§ **What the exercise asks**
Omitting every picture, copy the lines from the one that contains "BADGE RESULTS slide" through the last line of the records below, exactly and with nothing added.
_____
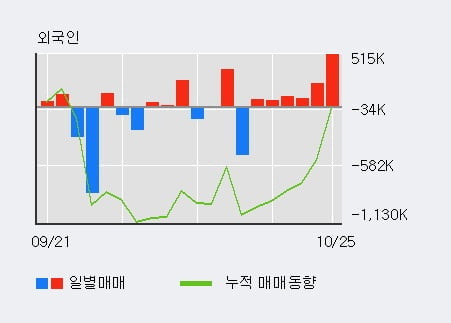 [한경로보뉴스] '오리엔트바이오' 5% 이상 상승, 외국인 6일 연속 순매수(105.1만주)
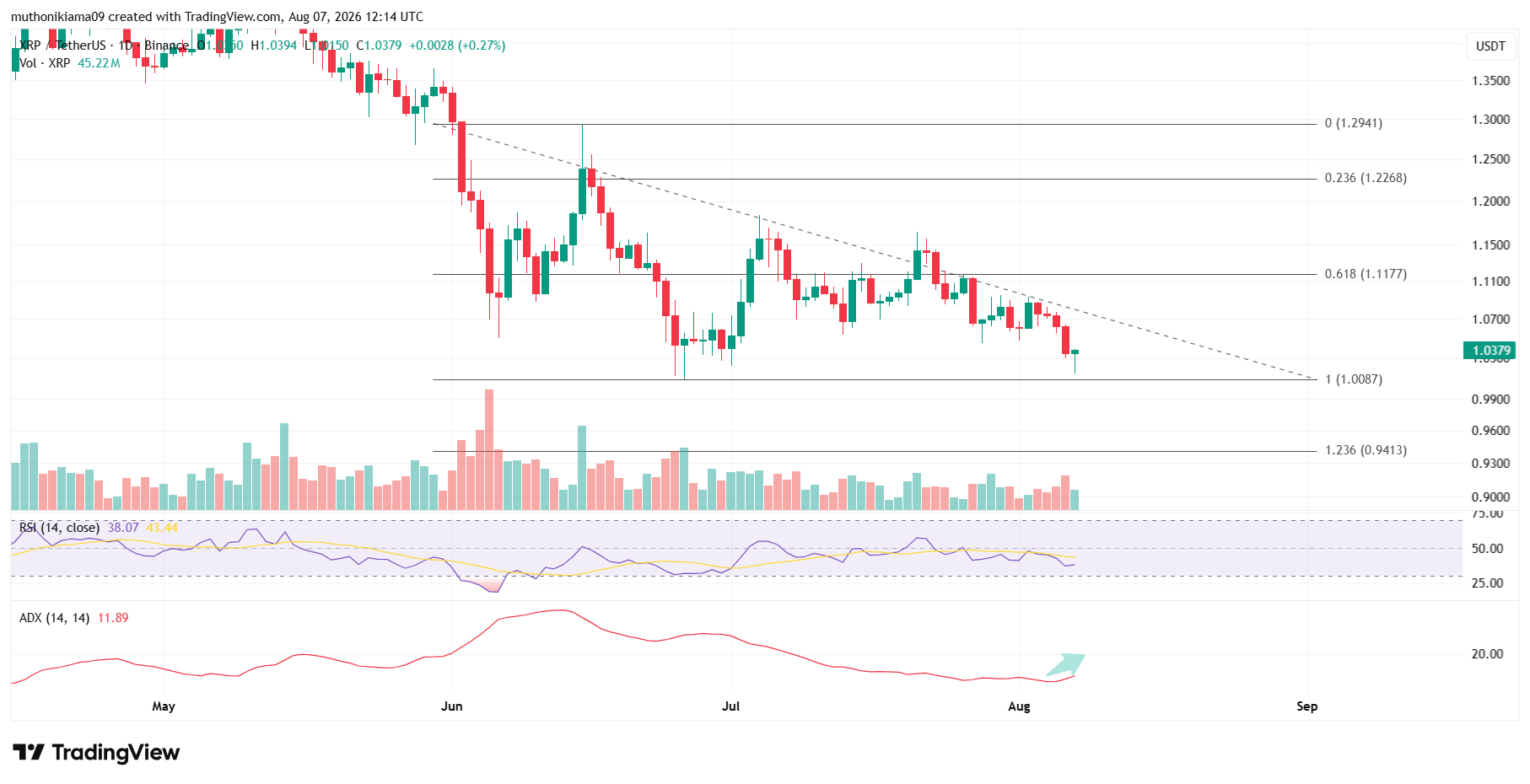 Why is XRP Price Dropping?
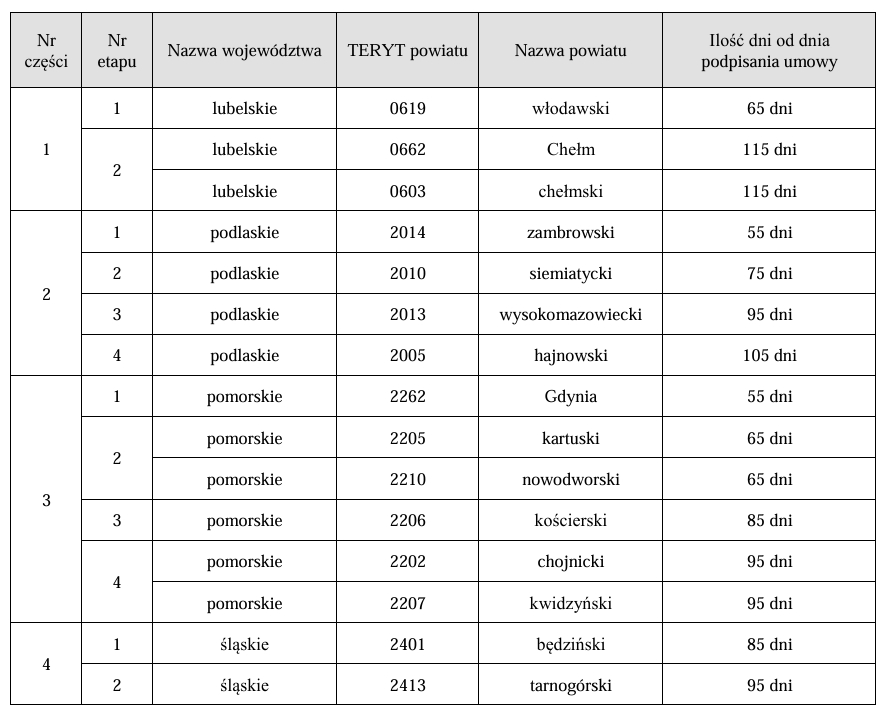 Tabela przedstawia wykaz powiatów w ramach ogłoszonego przetargu na aktualizację BDOT10k, w podziale na części i etapy.
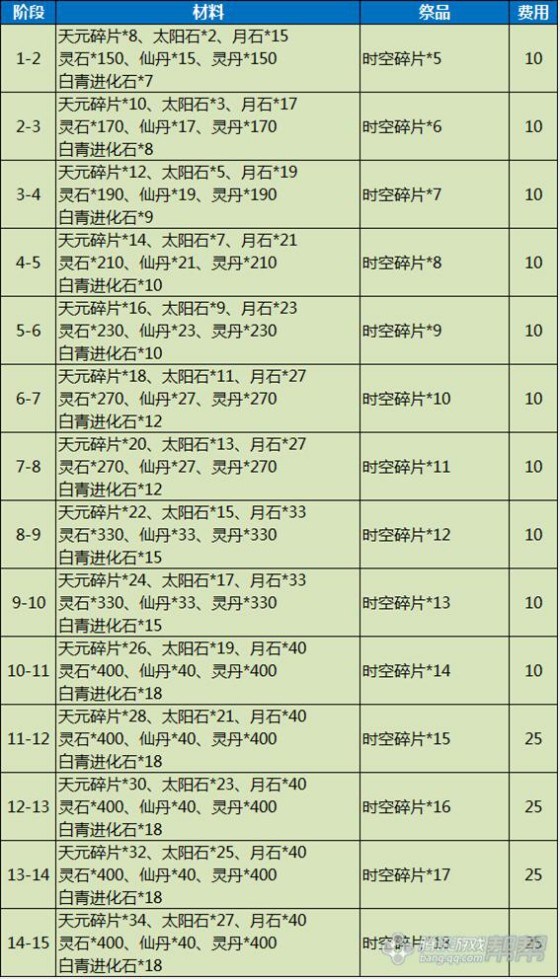 剑灵新手转职推荐,剑灵怀旧服水月版本剑灵毕业装备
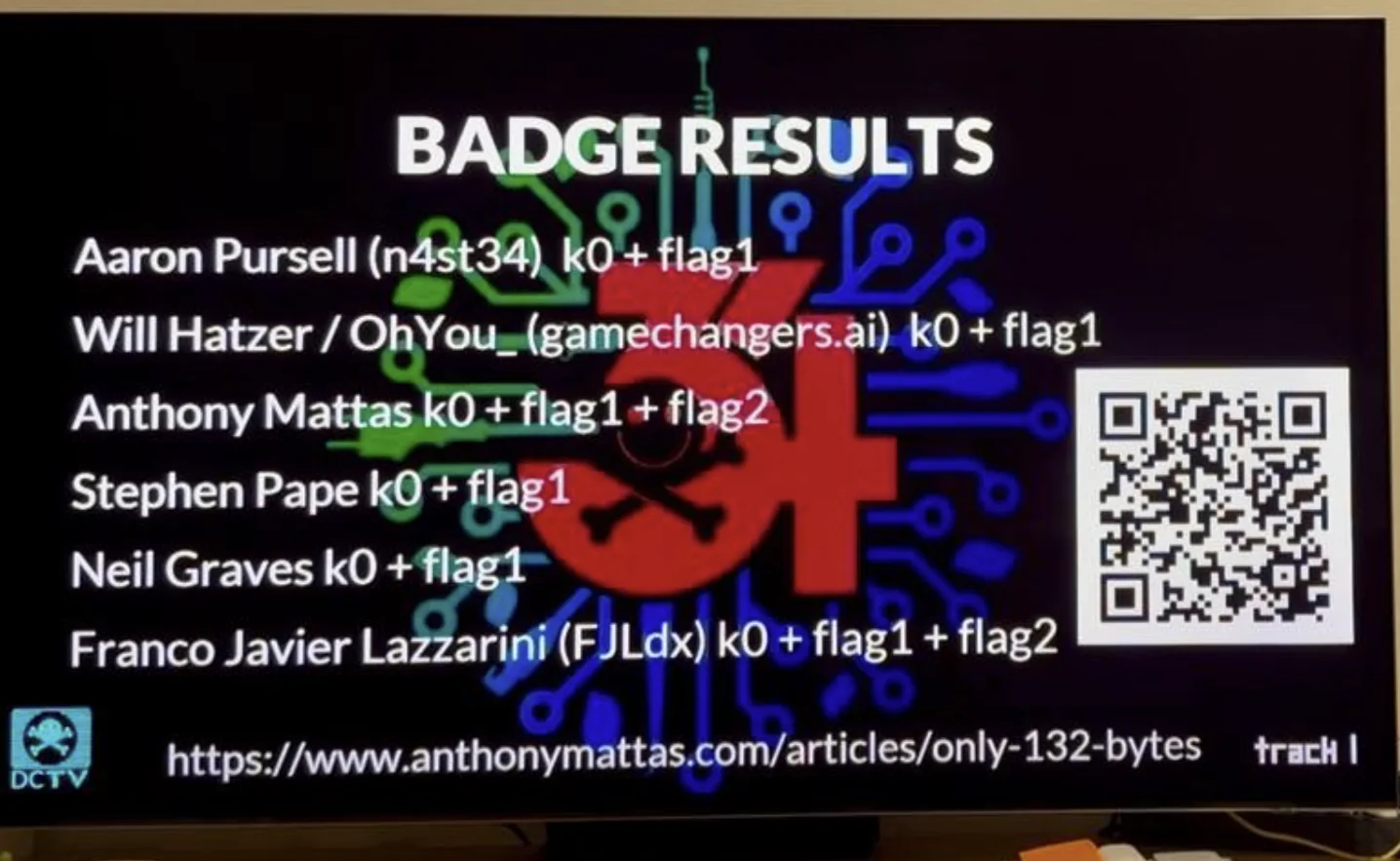 BADGE RESULTS slide from the DEF CON 34 ceremony listing who solved the challenge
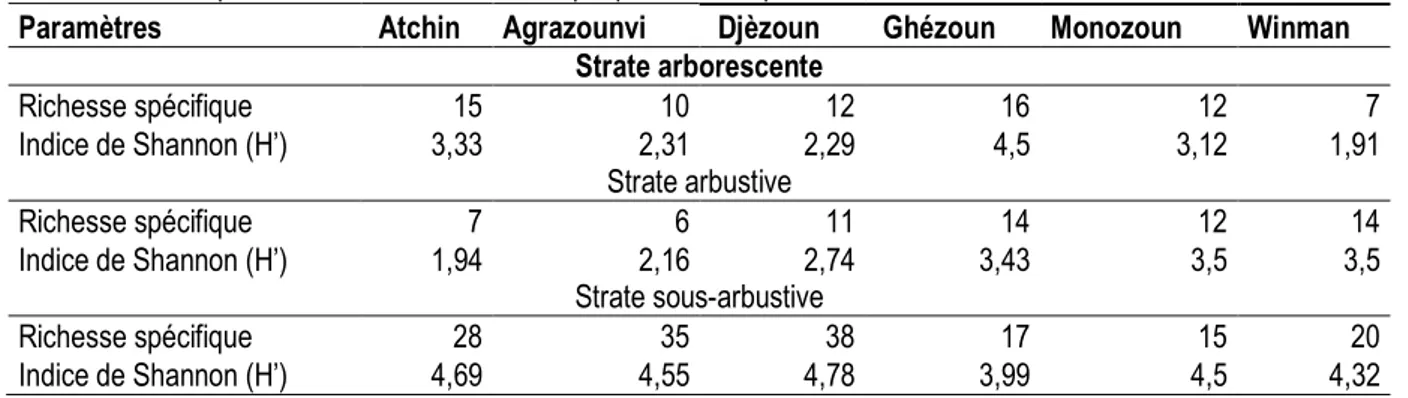 Tableau 5 : Comparaison de la diversité floristique par strate et par bois sacré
_____
§ **Solution for this problem**
 BADGE RESULTS slide from the DEF CON 34 ceremony listing who solved the challenge
 Tableau 5 : Comparaison de la diversité floristique par strate et par bois sacré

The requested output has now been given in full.